I’m going to walk through the places where I have the most subscribers. Not because I love them anymore, but because these are the people who most likely think they are safest. They are in the rich world and have more resources and ways to adapt.
Five rich island nations are the most likely to survive the collapse of our civilization. They are Ireland, Iceland, the UK, Australia and New Zealand. The oceans will keep unwanted visitors out to some extent if civilization collapses, and proximity to oceans means they will have access to at least some semi-normal rainfall, and whatever bounty the ocean can still supply, even if we kill most everything in it.
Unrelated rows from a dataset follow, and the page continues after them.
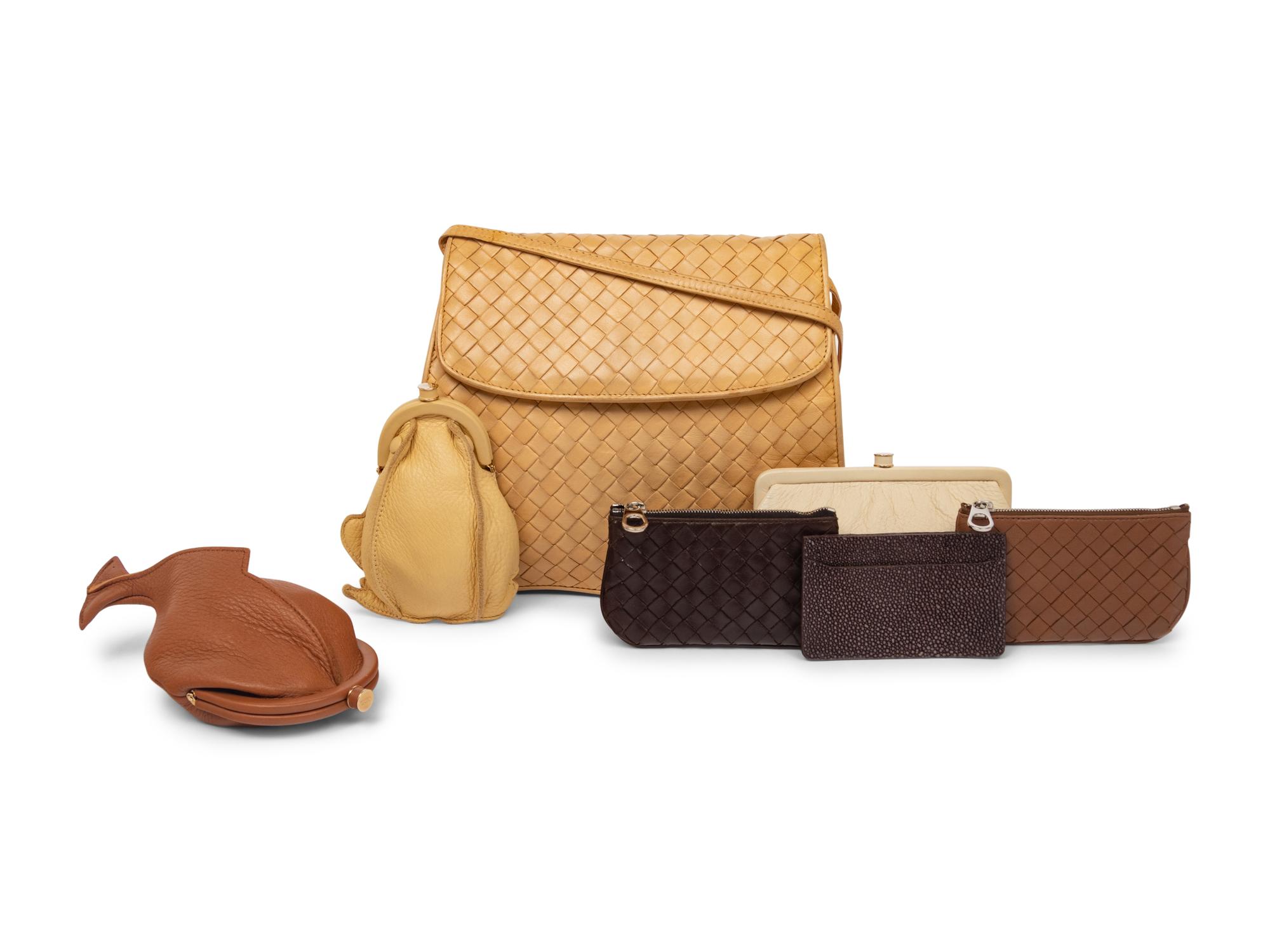 Six Bottega Veneta Accessories and One J. Markell Stingray Card Holder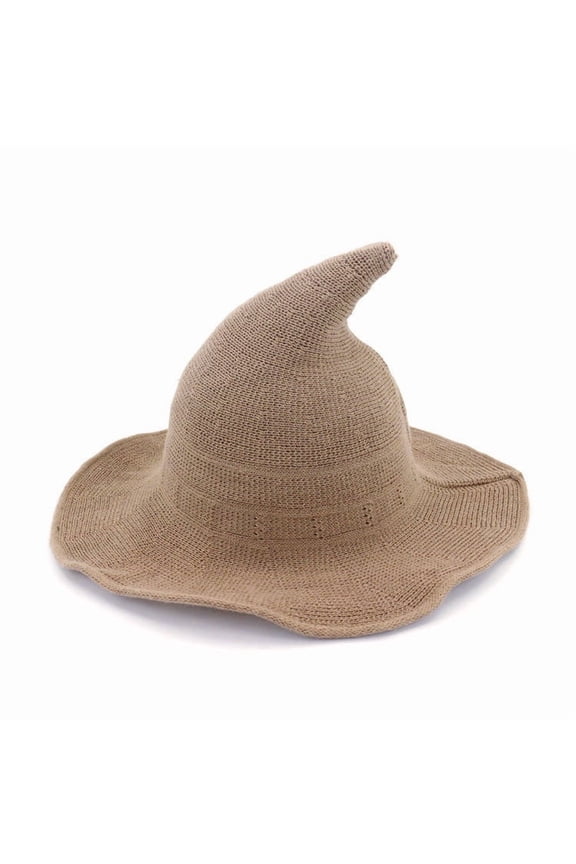 Cotton Yarn Witch Hat for Kids & Adults Soft Knitted Pointed Wizard Hat Foldable Halloween Accessory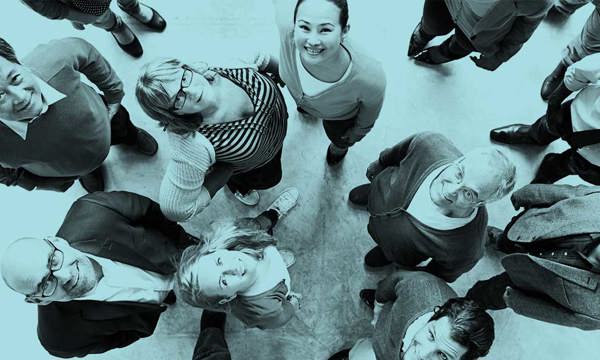 Aerial view of a group of people looking at the camera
Expect these island nations to start putting up legal walls to make it harder in the future for “refugees” from other rich parts of the world to come in and stay.
For this essay, I want to focus on the rich countries that have most caused this problem, who think they are safe. They are not.
United States
America's founding documents were delightfully aspirational, but the country is not living up to what was promised. To be fair, the founders were only considering life liberty, and the pursuit of happiness to white, male, landowners at the time, but once the rest of us were raised to revere those words, we kind of wanted those things too.
But right now, the US is going through some things.
Many people are fretting that the Trump administration will bring the end of civilization. But if you were paying attention, that started years ago, he is only a catalyst. The coming purge of already inadequate climate and environmental policy will in the long run make America weaker and more vulnerable, but in the short term, it will make more oligarchs lots of money, so everyone in a certain tax bracket wins.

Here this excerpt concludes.